A few years ago - three years and a couple of months, to be exact - I needed a new passport thanks to my last name changing from Griffin to Woodstock. Aside: changing your name is wretched. And we're back.
I assumed that the way to get a passport photo was the normal way: you go to CVS, they take your photo, they print it, and you go on your merry way. So I did that, and I kid you not, it was quite literally the absolute worst photo of me I had ever (and still have ever) seen of myself in my entire life. Perhaps I should have just swallowed my pride and dealt with having a photo that reminded me more of a cow than myself on my ID for the next ten years of my traveling escapades, but I refused and decided then and there that I would take my own photos from thenceforth. I did, and I'm rather happy with how it eventually turned out.
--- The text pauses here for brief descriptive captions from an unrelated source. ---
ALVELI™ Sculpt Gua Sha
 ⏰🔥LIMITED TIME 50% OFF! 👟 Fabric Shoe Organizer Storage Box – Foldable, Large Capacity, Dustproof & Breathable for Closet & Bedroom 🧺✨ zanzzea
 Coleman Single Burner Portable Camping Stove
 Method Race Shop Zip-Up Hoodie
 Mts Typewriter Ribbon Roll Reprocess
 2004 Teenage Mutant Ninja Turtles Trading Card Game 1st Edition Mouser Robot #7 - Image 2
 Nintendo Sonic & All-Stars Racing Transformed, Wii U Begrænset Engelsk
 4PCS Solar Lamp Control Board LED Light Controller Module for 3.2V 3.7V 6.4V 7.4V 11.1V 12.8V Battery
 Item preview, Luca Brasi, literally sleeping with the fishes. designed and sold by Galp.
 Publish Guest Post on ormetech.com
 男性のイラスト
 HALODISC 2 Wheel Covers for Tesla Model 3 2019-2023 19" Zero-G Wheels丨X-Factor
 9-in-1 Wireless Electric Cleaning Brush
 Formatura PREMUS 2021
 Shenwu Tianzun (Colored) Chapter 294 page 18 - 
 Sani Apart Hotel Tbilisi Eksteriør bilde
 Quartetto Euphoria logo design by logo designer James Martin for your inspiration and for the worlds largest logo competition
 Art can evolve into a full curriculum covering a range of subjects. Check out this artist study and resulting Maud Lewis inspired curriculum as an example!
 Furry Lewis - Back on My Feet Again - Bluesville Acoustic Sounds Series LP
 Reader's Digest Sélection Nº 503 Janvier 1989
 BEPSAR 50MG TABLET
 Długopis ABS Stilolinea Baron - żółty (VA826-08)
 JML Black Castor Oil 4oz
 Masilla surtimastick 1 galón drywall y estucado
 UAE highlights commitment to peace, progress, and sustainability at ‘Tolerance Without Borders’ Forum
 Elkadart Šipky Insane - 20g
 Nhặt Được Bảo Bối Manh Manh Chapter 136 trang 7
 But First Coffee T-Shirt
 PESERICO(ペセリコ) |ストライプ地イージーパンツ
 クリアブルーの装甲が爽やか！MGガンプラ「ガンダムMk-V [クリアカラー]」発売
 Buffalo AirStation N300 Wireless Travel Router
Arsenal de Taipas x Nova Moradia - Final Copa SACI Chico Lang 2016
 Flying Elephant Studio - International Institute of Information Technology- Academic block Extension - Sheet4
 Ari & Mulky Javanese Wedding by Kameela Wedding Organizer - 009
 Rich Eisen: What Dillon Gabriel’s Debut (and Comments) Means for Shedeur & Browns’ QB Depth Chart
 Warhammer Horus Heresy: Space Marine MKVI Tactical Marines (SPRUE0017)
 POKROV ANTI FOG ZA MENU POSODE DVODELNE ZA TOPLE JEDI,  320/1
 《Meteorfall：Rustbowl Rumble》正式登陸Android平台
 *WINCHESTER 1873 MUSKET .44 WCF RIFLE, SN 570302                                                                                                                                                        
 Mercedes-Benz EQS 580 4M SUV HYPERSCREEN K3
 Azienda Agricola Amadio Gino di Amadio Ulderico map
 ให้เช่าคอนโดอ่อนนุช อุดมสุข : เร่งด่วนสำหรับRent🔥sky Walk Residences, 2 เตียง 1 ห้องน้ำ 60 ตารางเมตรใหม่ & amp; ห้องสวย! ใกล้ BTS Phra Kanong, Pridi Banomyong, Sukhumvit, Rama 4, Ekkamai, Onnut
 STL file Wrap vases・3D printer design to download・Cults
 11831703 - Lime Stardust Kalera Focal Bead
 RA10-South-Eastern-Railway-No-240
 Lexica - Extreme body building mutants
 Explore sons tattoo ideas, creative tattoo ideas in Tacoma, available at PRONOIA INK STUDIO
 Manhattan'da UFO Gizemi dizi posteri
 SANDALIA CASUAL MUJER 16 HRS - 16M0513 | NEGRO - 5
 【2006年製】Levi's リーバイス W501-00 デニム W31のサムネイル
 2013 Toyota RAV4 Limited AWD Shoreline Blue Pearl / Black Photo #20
However, taking a photo of oneself looking straight at the camera with enough of a smize to not look like a serial killer getting a mug shot done is one thing. Taking a similar photo of a baby is another one entirely. But in the interest of preserving Elise's self esteem for the next five years, I decided it was worth the sacrifice.
The US photo requirements are many:
- Your head must face the camera directly with your full face in view.
- You must have a neutral facial expression or a natural smile, with both eyes open.
- You must take a photo in clothing normally worn on a daily basis.
- It must have a plain white or off-white background.
- It must be a 2x2 inch square photo, with the head centered and between 25 and 35 mm from the bottom of the chin to the top of the head.
- You may not wear glasses, a hat, or any other head covering.
- There may be no shadows.
- You must be able to see both ears.
No big deal, right? It's not like kids move or look away from a camera or open their mouths all the time or anything. We got this.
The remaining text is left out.